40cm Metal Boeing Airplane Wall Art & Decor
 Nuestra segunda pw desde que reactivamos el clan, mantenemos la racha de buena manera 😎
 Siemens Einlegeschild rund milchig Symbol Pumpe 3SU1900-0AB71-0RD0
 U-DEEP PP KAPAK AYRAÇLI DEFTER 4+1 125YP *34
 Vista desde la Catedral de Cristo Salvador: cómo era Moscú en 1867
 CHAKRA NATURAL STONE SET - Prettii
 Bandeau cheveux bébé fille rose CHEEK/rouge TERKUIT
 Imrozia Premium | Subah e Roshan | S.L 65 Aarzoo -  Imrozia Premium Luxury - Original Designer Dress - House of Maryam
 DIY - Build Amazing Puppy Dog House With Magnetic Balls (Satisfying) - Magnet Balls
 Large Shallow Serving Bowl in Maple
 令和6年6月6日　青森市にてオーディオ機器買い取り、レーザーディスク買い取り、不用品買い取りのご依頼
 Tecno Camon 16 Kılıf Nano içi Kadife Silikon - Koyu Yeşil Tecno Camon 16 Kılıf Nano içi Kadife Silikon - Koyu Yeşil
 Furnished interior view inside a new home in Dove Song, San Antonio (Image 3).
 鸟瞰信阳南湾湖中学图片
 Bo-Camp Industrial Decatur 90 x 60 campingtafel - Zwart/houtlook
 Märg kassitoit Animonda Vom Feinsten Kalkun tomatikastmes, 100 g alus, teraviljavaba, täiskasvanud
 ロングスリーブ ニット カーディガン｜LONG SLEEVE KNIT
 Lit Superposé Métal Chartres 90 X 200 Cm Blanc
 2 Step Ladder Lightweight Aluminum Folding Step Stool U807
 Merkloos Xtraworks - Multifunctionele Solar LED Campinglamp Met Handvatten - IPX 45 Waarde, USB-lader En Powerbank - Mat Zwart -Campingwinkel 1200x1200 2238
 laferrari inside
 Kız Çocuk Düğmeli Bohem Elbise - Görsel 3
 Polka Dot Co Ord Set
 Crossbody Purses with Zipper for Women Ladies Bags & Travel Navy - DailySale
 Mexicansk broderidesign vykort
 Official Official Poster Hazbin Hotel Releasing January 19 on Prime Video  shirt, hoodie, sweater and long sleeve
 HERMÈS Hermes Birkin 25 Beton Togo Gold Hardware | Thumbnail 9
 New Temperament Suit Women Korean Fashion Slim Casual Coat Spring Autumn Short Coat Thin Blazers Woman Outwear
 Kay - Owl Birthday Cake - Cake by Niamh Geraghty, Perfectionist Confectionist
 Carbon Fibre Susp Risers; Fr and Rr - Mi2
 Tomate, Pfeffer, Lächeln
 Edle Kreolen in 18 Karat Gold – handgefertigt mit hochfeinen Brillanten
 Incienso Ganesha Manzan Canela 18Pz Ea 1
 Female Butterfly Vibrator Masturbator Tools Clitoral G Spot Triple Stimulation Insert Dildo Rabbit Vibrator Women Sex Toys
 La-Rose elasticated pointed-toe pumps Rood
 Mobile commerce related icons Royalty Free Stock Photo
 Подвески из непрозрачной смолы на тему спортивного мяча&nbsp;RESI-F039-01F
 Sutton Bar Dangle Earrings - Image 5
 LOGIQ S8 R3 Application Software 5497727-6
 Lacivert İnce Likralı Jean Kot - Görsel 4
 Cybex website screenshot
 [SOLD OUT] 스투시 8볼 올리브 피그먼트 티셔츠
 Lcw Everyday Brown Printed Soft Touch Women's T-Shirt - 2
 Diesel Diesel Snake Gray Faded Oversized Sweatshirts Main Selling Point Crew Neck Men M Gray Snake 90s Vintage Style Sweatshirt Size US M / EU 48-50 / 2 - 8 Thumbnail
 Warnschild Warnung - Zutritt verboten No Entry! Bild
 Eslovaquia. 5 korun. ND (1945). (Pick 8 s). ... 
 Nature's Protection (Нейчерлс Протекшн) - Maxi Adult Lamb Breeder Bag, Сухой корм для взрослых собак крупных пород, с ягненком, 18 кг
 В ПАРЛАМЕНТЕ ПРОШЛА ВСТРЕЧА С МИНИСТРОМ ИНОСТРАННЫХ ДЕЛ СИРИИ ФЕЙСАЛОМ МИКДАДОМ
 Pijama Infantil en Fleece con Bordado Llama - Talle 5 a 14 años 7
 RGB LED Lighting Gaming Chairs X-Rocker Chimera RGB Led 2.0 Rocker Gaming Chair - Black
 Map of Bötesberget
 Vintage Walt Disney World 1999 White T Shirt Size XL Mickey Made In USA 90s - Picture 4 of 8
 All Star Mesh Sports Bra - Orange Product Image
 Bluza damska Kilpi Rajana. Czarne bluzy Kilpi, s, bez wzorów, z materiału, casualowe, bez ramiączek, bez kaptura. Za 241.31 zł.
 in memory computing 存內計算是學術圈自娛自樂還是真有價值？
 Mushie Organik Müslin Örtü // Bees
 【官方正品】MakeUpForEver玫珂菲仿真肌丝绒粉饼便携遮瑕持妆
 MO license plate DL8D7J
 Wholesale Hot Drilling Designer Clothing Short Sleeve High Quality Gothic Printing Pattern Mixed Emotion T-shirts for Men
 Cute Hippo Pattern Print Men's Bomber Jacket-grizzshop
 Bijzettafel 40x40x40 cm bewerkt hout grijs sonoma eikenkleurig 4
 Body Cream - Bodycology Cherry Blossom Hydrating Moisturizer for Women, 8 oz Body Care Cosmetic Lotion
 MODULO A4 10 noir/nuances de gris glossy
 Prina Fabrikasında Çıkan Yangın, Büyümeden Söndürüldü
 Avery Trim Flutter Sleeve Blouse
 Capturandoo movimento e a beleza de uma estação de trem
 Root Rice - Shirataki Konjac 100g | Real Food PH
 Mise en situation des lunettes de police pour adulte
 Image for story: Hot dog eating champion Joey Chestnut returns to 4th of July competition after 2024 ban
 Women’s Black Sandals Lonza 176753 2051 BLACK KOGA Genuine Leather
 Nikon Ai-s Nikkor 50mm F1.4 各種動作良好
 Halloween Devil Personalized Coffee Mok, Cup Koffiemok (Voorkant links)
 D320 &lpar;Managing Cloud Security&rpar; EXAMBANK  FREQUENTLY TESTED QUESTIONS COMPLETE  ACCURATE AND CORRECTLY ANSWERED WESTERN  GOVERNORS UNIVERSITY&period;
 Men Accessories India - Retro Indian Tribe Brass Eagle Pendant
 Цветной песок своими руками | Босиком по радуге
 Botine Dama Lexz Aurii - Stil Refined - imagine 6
==========
§ **EXERCISE BRIEF**: The full listing above needs to be retyped exactly.

§ **ANSWER TO THIS PROBLEM**:
40cm Metal Boeing Airplane Wall Art & Decor
 Nuestra segunda pw desde que reactivamos el clan, mantenemos la racha de buena manera 😎
 Siemens Einlegeschild rund milchig Symbol Pumpe 3SU1900-0AB71-0RD0
 U-DEEP PP KAPAK AYRAÇLI DEFTER 4+1 125YP *34
 Vista desde la Catedral de Cristo Salvador: cómo era Moscú en 1867
 CHAKRA NATURAL STONE SET - Prettii
 Bandeau cheveux bébé fille rose CHEEK/rouge TERKUIT
 Imrozia Premium | Subah e Roshan | S.L 65 Aarzoo -  Imrozia Premium Luxury - Original Designer Dress - House of Maryam
 DIY - Build Amazing Puppy Dog House With Magnetic Balls (Satisfying) - Magnet Balls
 Large Shallow Serving Bowl in Maple
 令和6年6月6日　青森市にてオーディオ機器買い取り、レーザーディスク買い取り、不用品買い取りのご依頼
 Tecno Camon 16 Kılıf Nano içi Kadife Silikon - Koyu Yeşil Tecno Camon 16 Kılıf Nano içi Kadife Silikon - Koyu Yeşil
 Furnished interior view inside a new home in Dove Song, San Antonio (Image 3).
 鸟瞰信阳南湾湖中学图片
 Bo-Camp Industrial Decatur 90 x 60 campingtafel - Zwart/houtlook
 Märg kassitoit Animonda Vom Feinsten Kalkun tomatikastmes, 100 g alus, teraviljavaba, täiskasvanud
 ロングスリーブ ニット カーディガン｜LONG SLEEVE KNIT
 Lit Superposé Métal Chartres 90 X 200 Cm Blanc
 2 Step Ladder Lightweight Aluminum Folding Step Stool U807
 Merkloos Xtraworks - Multifunctionele Solar LED Campinglamp Met Handvatten - IPX 45 Waarde, USB-lader En Powerbank - Mat Zwart -Campingwinkel 1200x1200 2238
 laferrari inside
 Kız Çocuk Düğmeli Bohem Elbise - Görsel 3
 Polka Dot Co Ord Set
 Crossbody Purses with Zipper for Women Ladies Bags & Travel Navy - DailySale
 Mexicansk broderidesign vykort
 Official Official Poster Hazbin Hotel Releasing January 19 on Prime Video  shirt, hoodie, sweater and long sleeve
 HERMÈS Hermes Birkin 25 Beton Togo Gold Hardware | Thumbnail 9
 New Temperament Suit Women Korean Fashion Slim Casual Coat Spring Autumn Short Coat Thin Blazers Woman Outwear
 Kay - Owl Birthday Cake - Cake by Niamh Geraghty, Perfectionist Confectionist
 Carbon Fibre Susp Risers; Fr and Rr - Mi2
 Tomate, Pfeffer, Lächeln
 Edle Kreolen in 18 Karat Gold – handgefertigt mit hochfeinen Brillanten
 Incienso Ganesha Manzan Canela 18Pz Ea 1
 Female Butterfly Vibrator Masturbator Tools Clitoral G Spot Triple Stimulation Insert Dildo Rabbit Vibrator Women Sex Toys
 La-Rose elasticated pointed-toe pumps Rood
 Mobile commerce related icons Royalty Free Stock Photo
 Подвески из непрозрачной смолы на тему спортивного мяча&nbsp;RESI-F039-01F
 Sutton Bar Dangle Earrings - Image 5
 LOGIQ S8 R3 Application Software 5497727-6
 Lacivert İnce Likralı Jean Kot - Görsel 4
 Cybex website screenshot
 [SOLD OUT] 스투시 8볼 올리브 피그먼트 티셔츠
 Lcw Everyday Brown Printed Soft Touch Women's T-Shirt - 2
 Diesel Diesel Snake Gray Faded Oversized Sweatshirts Main Selling Point Crew Neck Men M Gray Snake 90s Vintage Style Sweatshirt Size US M / EU 48-50 / 2 - 8 Thumbnail
 Warnschild Warnung - Zutritt verboten No Entry! Bild
 Eslovaquia. 5 korun. ND (1945). (Pick 8 s). ... 
 Nature's Protection (Нейчерлс Протекшн) - Maxi Adult Lamb Breeder Bag, Сухой корм для взрослых собак крупных пород, с ягненком, 18 кг
 В ПАРЛАМЕНТЕ ПРОШЛА ВСТРЕЧА С МИНИСТРОМ ИНОСТРАННЫХ ДЕЛ СИРИИ ФЕЙСАЛОМ МИКДАДОМ
 Pijama Infantil en Fleece con Bordado Llama - Talle 5 a 14 años 7
 RGB LED Lighting Gaming Chairs X-Rocker Chimera RGB Led 2.0 Rocker Gaming Chair - Black
 Map of Bötesberget
 Vintage Walt Disney World 1999 White T Shirt Size XL Mickey Made In USA 90s - Picture 4 of 8
 All Star Mesh Sports Bra - Orange Product Image
 Bluza damska Kilpi Rajana. Czarne bluzy Kilpi, s, bez wzorów, z materiału, casualowe, bez ramiączek, bez kaptura. Za 241.31 zł.
 in memory computing 存內計算是學術圈自娛自樂還是真有價值？
 Mushie Organik Müslin Örtü // Bees
 【官方正品】MakeUpForEver玫珂菲仿真肌丝绒粉饼便携遮瑕持妆
 MO license plate DL8D7J
 Wholesale Hot Drilling Designer Clothing Short Sleeve High Quality Gothic Printing Pattern Mixed Emotion T-shirts for Men
 Cute Hippo Pattern Print Men's Bomber Jacket-grizzshop
 Bijzettafel 40x40x40 cm bewerkt hout grijs sonoma eikenkleurig 4
 Body Cream - Bodycology Cherry Blossom Hydrating Moisturizer for Women, 8 oz Body Care Cosmetic Lotion
 MODULO A4 10 noir/nuances de gris glossy
 Prina Fabrikasında Çıkan Yangın, Büyümeden Söndürüldü
 Avery Trim Flutter Sleeve Blouse
 Capturandoo movimento e a beleza de uma estação de trem
 Root Rice - Shirataki Konjac 100g | Real Food PH
 Mise en situation des lunettes de police pour adulte
 Image for story: Hot dog eating champion Joey Chestnut returns to 4th of July competition after 2024 ban
 Women’s Black Sandals Lonza 176753 2051 BLACK KOGA Genuine Leather
 Nikon Ai-s Nikkor 50mm F1.4 各種動作良好
 Halloween Devil Personalized Coffee Mok, Cup Koffiemok (Voorkant links)
 D320 &lpar;Managing Cloud Security&rpar; EXAMBANK  FREQUENTLY TESTED QUESTIONS COMPLETE  ACCURATE AND CORRECTLY ANSWERED WESTERN  GOVERNORS UNIVERSITY&period;
 Men Accessories India - Retro Indian Tribe Brass Eagle Pendant
 Цветной песок своими руками | Босиком по радуге
 Botine Dama Lexz Aurii - Stil Refined - imagine 6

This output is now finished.